Mittwoch, Juli 18, 2007
Ich habe über Jahre hinweg in meinem Zimmer Fußbälle gegen die Wand über der Eingangstür geschleudert, um mit Hechtsprüngen die Abpraller aus der Luft zu pflücken. Stundenlang. Unablässig. Auf's Bett geschmissen habe ich mich. Der Lärm dröhnte durch's Haus. Das Lattenrost bog sich jedes Mal vor Schreck, Entsetzen und Empörung über solch unsanfte Behandlung. Meine Eltern haben enormen Gleichmut bewiesen.

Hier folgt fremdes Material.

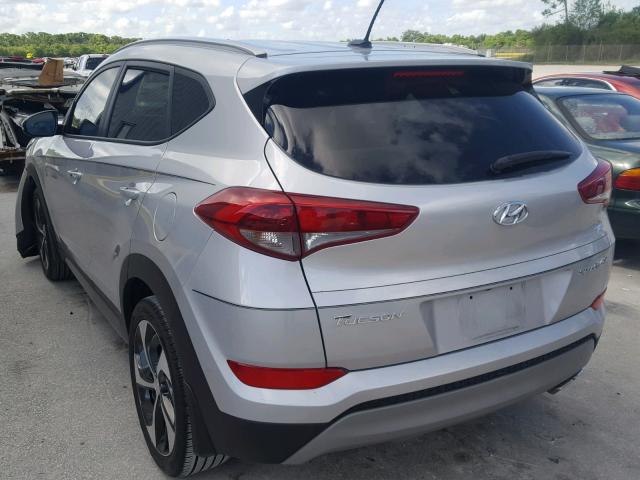 KM8J33A27HU272994 - 2017 HYUNDAI TUCSON LIM SILVER photo 3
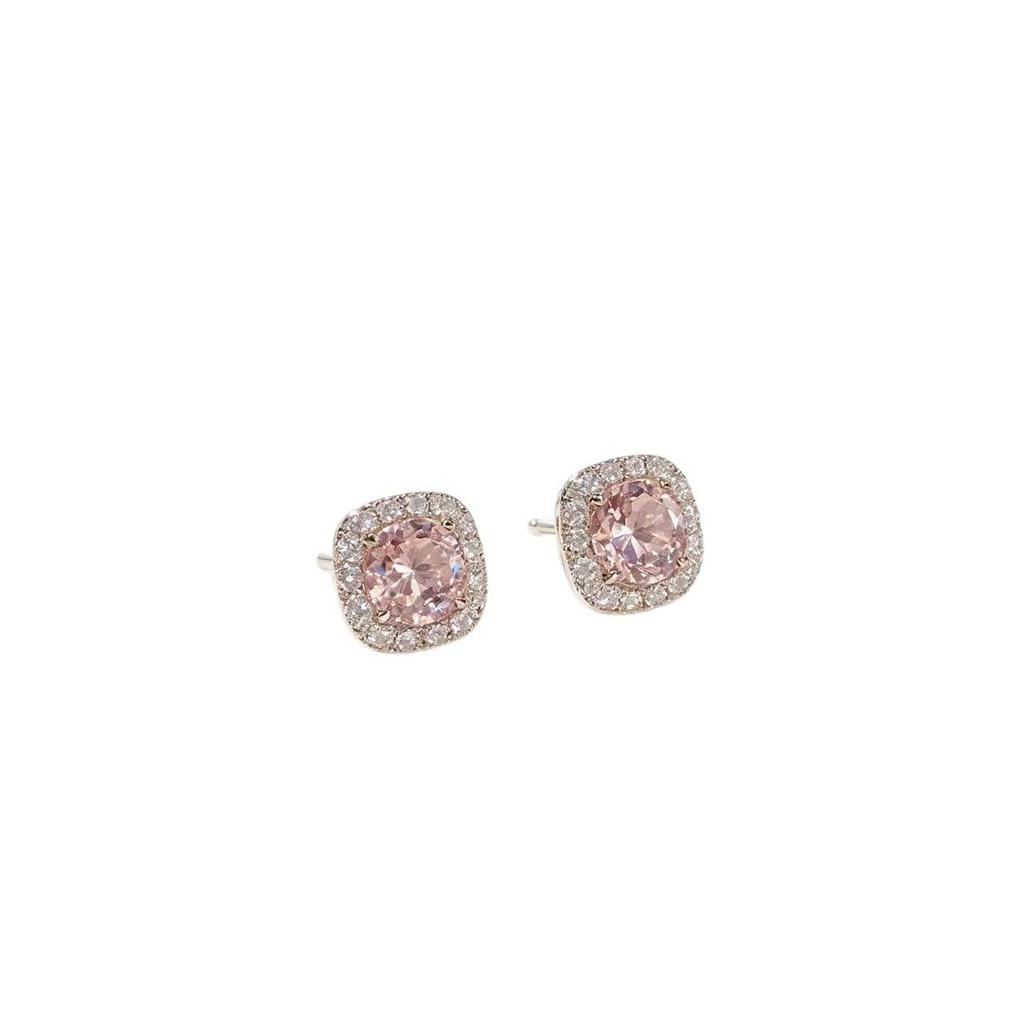 Exquisite Zirconia Square Candy Stud Earrings: Japanese-Korean Luxury, High-End Shine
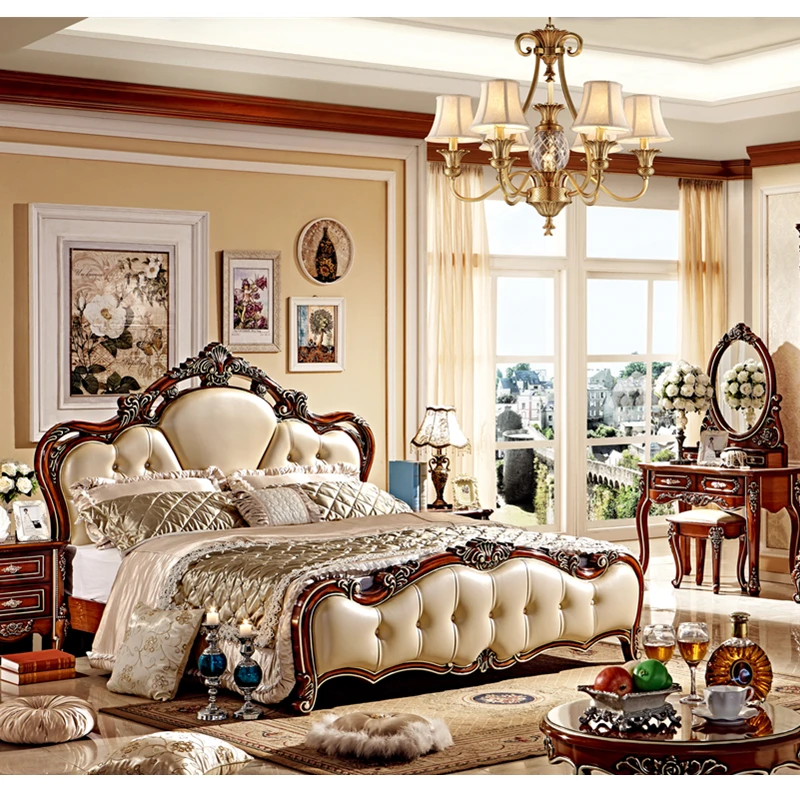  Europe Luxury Design Bedroom Sets Furniture Classic Wooden Beds King Size
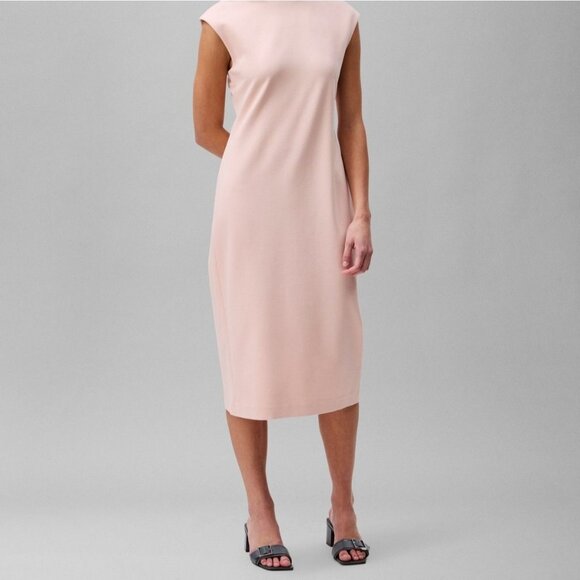 Calvin Klein Dresses & Skirts - Calvin Klein Womens Ponte Shift Round Neckline Dress Sepia Rose Size XL NWT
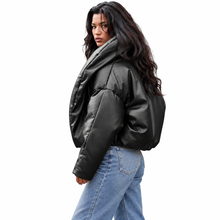 Load image into Gallery viewer, Black Leather Puffer Coat
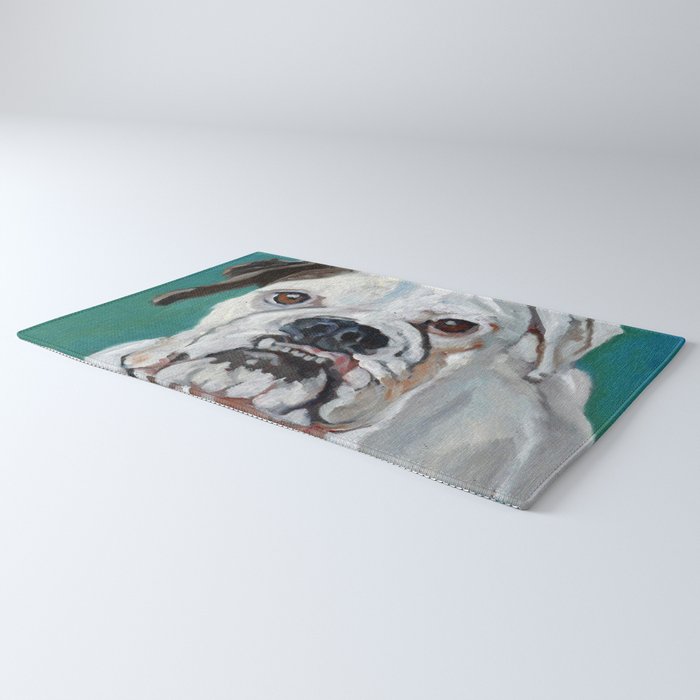 White Boxer Dog Painting Rug Gallery Image 3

In jeder Grundschulpause drängelten wir uns vor dem kleinen Sportgeräteraum neben den miefigen Toiletten, um uns die Pille aushändigen zu lassen, und alsbald flog ich durch die ostfriesische Morgenluft, um die Angreifer der gegnerischen Mannschaft mit Flugparaden zur Verzweiflung zu bringen. Nun regnet es in Ostfriesland häufig, gerade in Herbst und Winter. Wo gehobelt wird, fallen Späne, wo Regen ist, entwickelt sich Schlamm, und wer fliegt, landet auch irgendwann. Oft mit den Knien zuerst, manchmal bäuchlings. Klatscht auf den Boden. Spätestens nach der zweiten großen Pause trottete ich nach erfolg- und manchmal auch verlustreichen Schlachten ziemlich dreckverschmiert zurück in den Unterricht. Meine Hose glich oft einem Golfplatz nach einer Flutkatastrophe – nass, matschig, voller Löcher. Meine Eltern haben großen Gleichmut bewiesen. So gut es ging. Es ging nicht immer. Verständlicherweise. Die Waschmaschine litt wortlos, erlitt irgendwann ein Schleudertrauma. Erst nach der Grundschule, als ich täglich ein paar Kilometer weiter zur Orientierungsstufe radeln musste, wo es auf dem Schulhof keinen Fußballacker gab und ich meine Leidenschaft für Tischtennis entdeckte, konnte die Waschmaschine aufatmen. Geschwächt war sie indes schon. Wenig später gab sie auf. Wir bekamen eine neue. Zu ihr war ich, inzwischen ein wenig gereift, gnädiger.
26 Wortmeldung(en):
ich fiel mal ins schulbiotop, habe also ebenfalls schlammerfahrung.
18/7/07 10:18
Ich habe in meinem 12qm-Kinderzimmer gegen die Wand Tennis gespielt. Es war die Wand zum Arbeitszimmer meines Vaters. Das ging häufig gut.
18/7/07 17:30
Ich hatte Verbot am Schulbiotop, nachdem ich in den Teich gefallen war. Ich glaube, ich war das einzige Kind an meiner Grundschule, das nicht mehr ans Biotop durfte. :(
18/7/07 20:52
ein sommermaerchen.
nath
19/7/07 05:52
Meine Vorliebe für Schlammschlachten beschränkte sich auf Damenringkämpfe.
19/7/07 08:56
Beliebt waren zu meiner Grundschulzeit Schlammschlachten unter Mädels. Ein jähes Ende fand meine Beteiligung durch eine Strafarbeit. Ein ganzes Heft vollschreiben mit dem Satz: Ich darf meine Mitschülerinnen nicht durch den Dreck ziehen.
19/7/07 12:45
ole, ole. wie kannst du mich so erschrecken? bei der überschrift dachte ich, jetzt kommt ein stammtischtext ;-) aber dann wurde es schlammdischtext.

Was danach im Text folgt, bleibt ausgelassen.